# Synaptics Touchpad NOT working [SOLVED]

## BenderBendingRodriguez

Hello everyone, i installed recently gentoo on SAMSUNG N130 and everything works EXCEPT the touchpad, when compiling i set everything accordingly as per the gentoo synaptics wiki, i have xorg-server compiled with hal USE flag and without the minimal and my touchpad doesn't work  :Sad: 

P.S. Yes, xf86-input-synaptics is installed, please anyone help me  (thankfully i still have a mouse to move around  :Smile:  but i'd love to use the touchpad if i ever lose it  :Smile: 

Tell me what i need to submit in order to fix it. ThanksLast edited by BenderBendingRodriguez on Sun Feb 21, 2010 9:34 pm; edited 1 time in total

----------

## kukibl

Have you installed xf86-input-evdev and loaded evdev kernel module? Have you set INPUT_DEVICES in make.conf? In general, INPUT_DEVICES="evdev synaptics" would be quite enough. Post here output of "emerge --info" and your /var/log/Xorg.0.log.

Edit:

Also, are you using automatic X configuration or manually configured xorg.conf? I guess, if you use manually configured xorg.conf, you should add relevant input device section.

----------

## BenderBendingRodriguez

emerge --info                                              

Portage 2.1.7.16 (default/linux/x86/10.0, gcc-4.3.4, glibc-2.10.1-r1, 2.6.31-gentoo-r6 i686)                                                                    

=================================================================               

System uname: Linux-2.6.31-gentoo-r6-i686-Intel-R-_Atom-TM-_CPU_N270_@_1.60GHz-with-gentoo-1.12.13                                                              

Timestamp of tree: Sat, 20 Feb 2010 18:30:01 +0000                              

app-shells/bash:     4.0_p35                                                    

dev-java/java-config: 2.1.10                                                    

dev-lang/python:     2.6.4                                                      

dev-util/cmake:      2.6.4-r3                                                   

sys-apps/baselayout: 1.12.13                                                    

sys-apps/sandbox:    1.6-r2                                                     

sys-devel/autoconf:  2.63-r1                                                    

sys-devel/automake:  1.9.6-r2, 1.10.2                                           

sys-devel/binutils:  2.18-r3                                                    

sys-devel/gcc:       4.3.4                                                      

sys-devel/gcc-config: 1.4.1                                                     

sys-devel/libtool:   2.2.6b                                                     

virtual/os-headers:  2.6.27-r2                                                  

ACCEPT_KEYWORDS="x86"                                                           

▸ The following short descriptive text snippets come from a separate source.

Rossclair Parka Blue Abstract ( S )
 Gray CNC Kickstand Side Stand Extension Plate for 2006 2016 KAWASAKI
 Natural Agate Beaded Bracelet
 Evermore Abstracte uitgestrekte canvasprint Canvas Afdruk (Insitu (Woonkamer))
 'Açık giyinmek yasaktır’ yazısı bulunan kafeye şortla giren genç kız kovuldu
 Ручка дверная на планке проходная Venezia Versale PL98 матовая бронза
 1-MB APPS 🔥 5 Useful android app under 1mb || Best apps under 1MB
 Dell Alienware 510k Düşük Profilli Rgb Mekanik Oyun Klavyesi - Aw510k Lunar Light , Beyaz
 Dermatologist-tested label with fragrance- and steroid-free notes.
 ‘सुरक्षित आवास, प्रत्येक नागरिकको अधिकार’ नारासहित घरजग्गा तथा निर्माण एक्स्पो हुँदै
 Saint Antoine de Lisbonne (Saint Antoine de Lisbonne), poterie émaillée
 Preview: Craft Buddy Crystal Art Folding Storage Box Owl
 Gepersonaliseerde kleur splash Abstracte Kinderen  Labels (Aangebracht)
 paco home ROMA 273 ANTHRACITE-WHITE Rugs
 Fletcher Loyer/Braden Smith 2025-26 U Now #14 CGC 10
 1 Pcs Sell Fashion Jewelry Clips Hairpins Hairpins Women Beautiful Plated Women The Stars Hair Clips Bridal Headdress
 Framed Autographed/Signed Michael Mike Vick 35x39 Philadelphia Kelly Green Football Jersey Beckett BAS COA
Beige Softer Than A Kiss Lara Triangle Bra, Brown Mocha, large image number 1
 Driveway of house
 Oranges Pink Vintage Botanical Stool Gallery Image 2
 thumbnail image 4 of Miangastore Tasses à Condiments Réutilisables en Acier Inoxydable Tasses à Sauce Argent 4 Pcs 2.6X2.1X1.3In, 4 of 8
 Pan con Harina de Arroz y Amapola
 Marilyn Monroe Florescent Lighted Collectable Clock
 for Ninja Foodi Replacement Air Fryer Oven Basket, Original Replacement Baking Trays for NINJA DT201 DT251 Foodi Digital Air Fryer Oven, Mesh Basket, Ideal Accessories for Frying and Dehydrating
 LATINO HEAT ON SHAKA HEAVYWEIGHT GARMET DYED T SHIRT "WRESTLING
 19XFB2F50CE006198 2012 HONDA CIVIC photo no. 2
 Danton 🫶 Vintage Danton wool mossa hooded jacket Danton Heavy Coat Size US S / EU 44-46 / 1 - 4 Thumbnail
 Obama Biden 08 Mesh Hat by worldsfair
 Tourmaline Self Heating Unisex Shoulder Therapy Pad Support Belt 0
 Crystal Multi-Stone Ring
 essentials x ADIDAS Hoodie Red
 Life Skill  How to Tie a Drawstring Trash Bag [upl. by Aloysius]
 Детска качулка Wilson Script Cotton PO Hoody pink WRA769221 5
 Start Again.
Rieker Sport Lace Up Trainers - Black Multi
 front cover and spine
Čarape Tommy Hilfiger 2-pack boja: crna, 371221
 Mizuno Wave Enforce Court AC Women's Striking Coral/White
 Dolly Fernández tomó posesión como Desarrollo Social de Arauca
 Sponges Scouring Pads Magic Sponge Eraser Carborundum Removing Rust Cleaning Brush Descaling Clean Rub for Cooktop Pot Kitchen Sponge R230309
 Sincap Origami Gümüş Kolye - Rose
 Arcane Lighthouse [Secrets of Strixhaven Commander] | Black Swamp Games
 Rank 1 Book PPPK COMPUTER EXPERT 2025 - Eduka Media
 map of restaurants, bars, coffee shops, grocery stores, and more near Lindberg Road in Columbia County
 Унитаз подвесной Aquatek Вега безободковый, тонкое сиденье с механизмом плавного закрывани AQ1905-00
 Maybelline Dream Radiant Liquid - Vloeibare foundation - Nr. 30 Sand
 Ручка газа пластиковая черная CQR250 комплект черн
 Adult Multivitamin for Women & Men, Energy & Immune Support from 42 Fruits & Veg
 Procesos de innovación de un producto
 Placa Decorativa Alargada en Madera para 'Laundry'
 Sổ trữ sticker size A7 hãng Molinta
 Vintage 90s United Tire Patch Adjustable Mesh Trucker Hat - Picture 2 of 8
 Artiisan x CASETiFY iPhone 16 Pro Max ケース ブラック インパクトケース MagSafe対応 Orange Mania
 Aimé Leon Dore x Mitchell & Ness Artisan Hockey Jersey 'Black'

ACCEPT_LICENSE="*"                                                              

CBUILD="i686-pc-linux-gnu"                                                      

CFLAGS="-O2 -march=core2 -mtune=generic -mssse3 -mfpmath=sse -fomit-frame-pointer -pipe"                                                                        

CHOST="i686-pc-linux-gnu"                                                       

CONFIG_PROTECT="/etc /usr/share/X11/xkb /usr/share/config"                      

CONFIG_PROTECT_MASK="/etc/ca-certificates.conf /etc/env.d /etc/env.d/java/ /etc/fonts/fonts.conf /etc/gconf /etc/revdep-rebuild /etc/sandbox.d /etc/terminfo /etc/udev/rules.d"                                                                 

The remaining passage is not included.